Pour L’Est républicain, la cause est là aussi d’avance entendue : « Anne Vignot a porté plainte après ces dégradations ressemblant à un "white facing", et on ignore quel était le message des malfaiteurs. » Bref, ça se complique. « Néonazis » ou pas ? Ce, d’autant plus qu’un « black face », on connaît. C’est un Blanc qui se grime en Noir. Mais un « white facing » ? Laver plus blanc que blanc ? C’est le sketch de Coluche. Plus blanc que blanc, c’est aussi transparent qu’Anne Vignot.
L’histoire est d’autant plus baroque que Béatrice Soulié, veuve de l’artiste, affirme au Point : « C’est un acte raciste. C’est une œuvre magnifique. Je suis très triste de cette violence et du monde actuel qui lui laisse place. […] Cette polémique née autour de la statue de Victor Hugo, ce n’est pas un problème artistique, c’est politique. » Il est vrai qu’il faut aussi prendre en compte ce menu détail : la statue du grand homme, coulée dans le bronze, vient d’être rénovée.
Le gag, c’est que sur l’affaire, Béatrice Soulié a dit à peu près tout et son contraire, si l’on en croit Télérama : « Elle a, dans un premier temps, exprimé sa déception face à un "Victor Hugo noir qui n’a jamais été l’intention d’Ousmane" et signalé un problème au niveau de la "chemise très blanche et le collier de barbe". » Pour tout arranger, nous dit l’hebdomadaire, « les Bisontins étaient habitués, depuis vingt ans, à côtoyer un Victor Hugo aux tonalités plus vertes ».
Pas la peine d’avoir fait les beaux-arts pour savoir que le bronze, c’est sombre. Sculpté dans ce noble métal, même David Bowie pourrait ressembler à Louis Armstrong et Fabrice Luchini à Omar Sy. Pis : le bronze est connu pour devenir verdâtre, quand il est exposé aux éléments. Lui rendre sa couleur d’origine ne signifie en rien une quelconque stigmatisation de nos amis Martiens ou même de ce brave Shrek, l’ogre flatulent qu’on sait. Bizarrement, sont moins de notoriété publique les influences artistiques d’Ousmane Sow, tel qu’en témoigne sa fiche Wikipédia : « C’est en 1984, inspiré par les photos de Leni Riefenstahl représentant les Nouba du Sud-Soudan, qu’il commence à travailler sur les lutteurs de cette ethnie et réalise sa première série de sculptures : Les Nouba. En 1988 naîtront Les Masaï, en 1991 Les Zoulou et, enfin, en 1993, Les Peul. »

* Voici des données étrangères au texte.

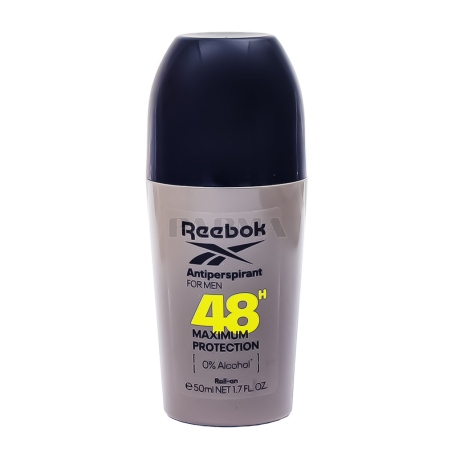 Antiperspirant "Reebok Men" 50ml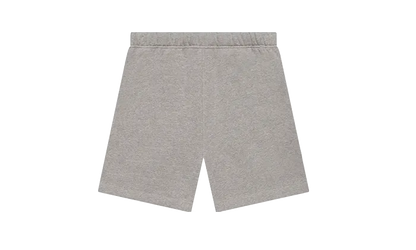 Fear of God Essentials Sweatshort Dark Oatmeal SS22 - 160BT212013F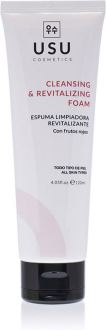 Revitalizing Cleansing Foam 120 ml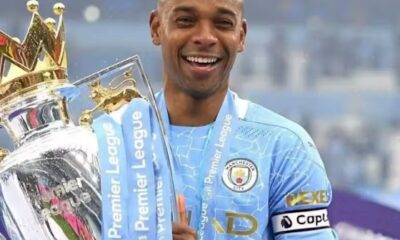 Fernandinho
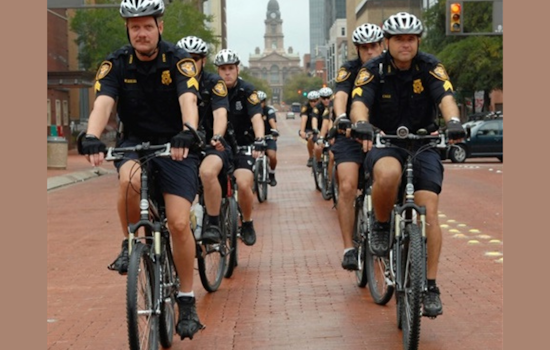 Fort Worth Police Officers to Bolster Security at GOP National Convention in Milwaukee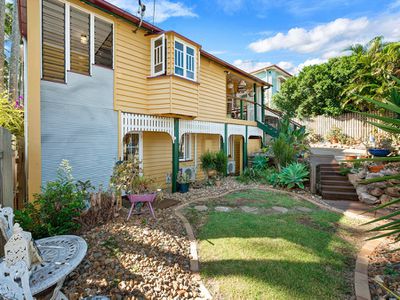 46 Abbotsleigh Street, Holland Park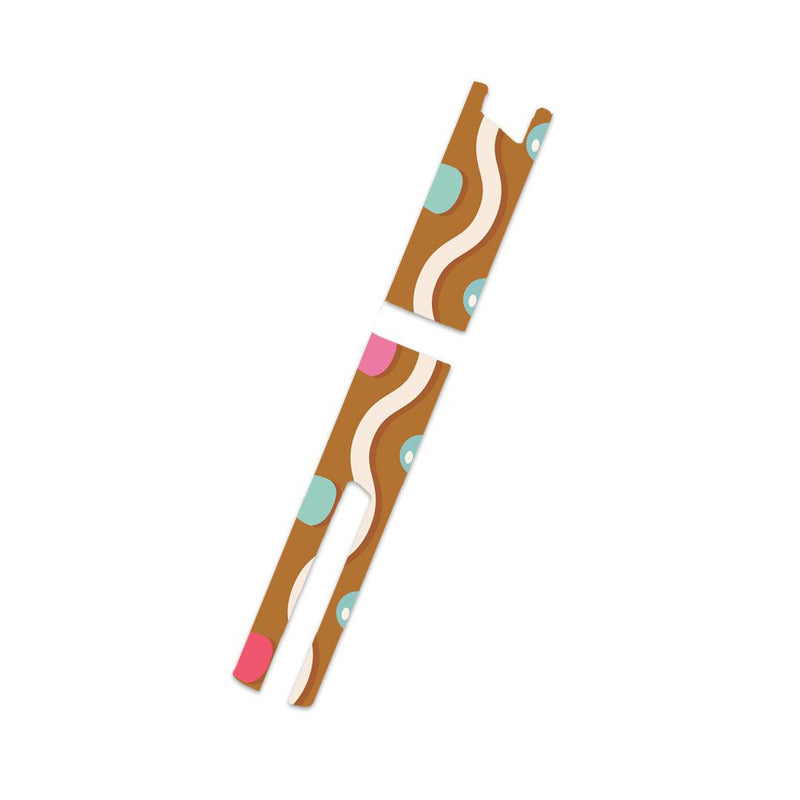 Gingerbread Sticker for InPen - Smart Insulin Pen Gingerbread Sticker for InPen - Smart Insulin Pen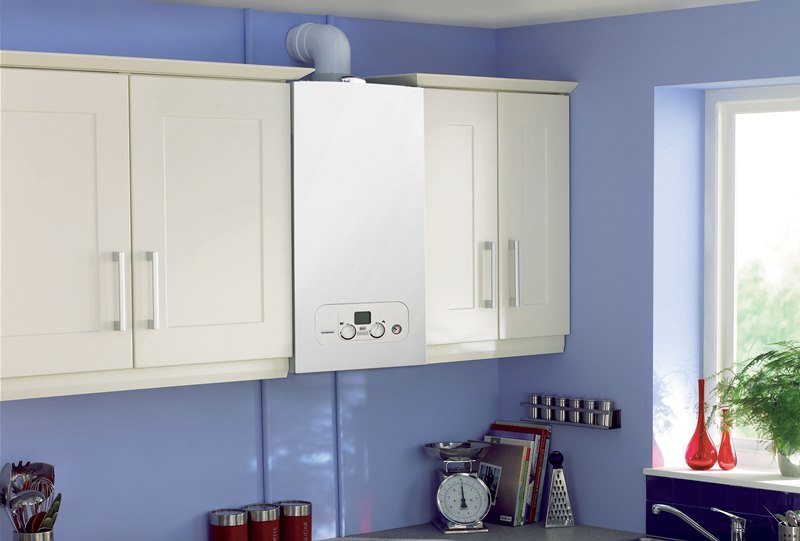 Heating options: combi or system boiler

Comment se fait-il que ceux qui se réjouissent des déboulonnages de statues de tel ou tel personnage historique s’indignent d’un jet de peinture sur celle de ce brave Victor Hugo qui, tour à tour royaliste et républicain, laïcard et bondieusard à la fois, en a sûrement vu bien d’autres ? À moins qu’Anne Vignot ne nous éclaire de ses lumières, on ne voit pas.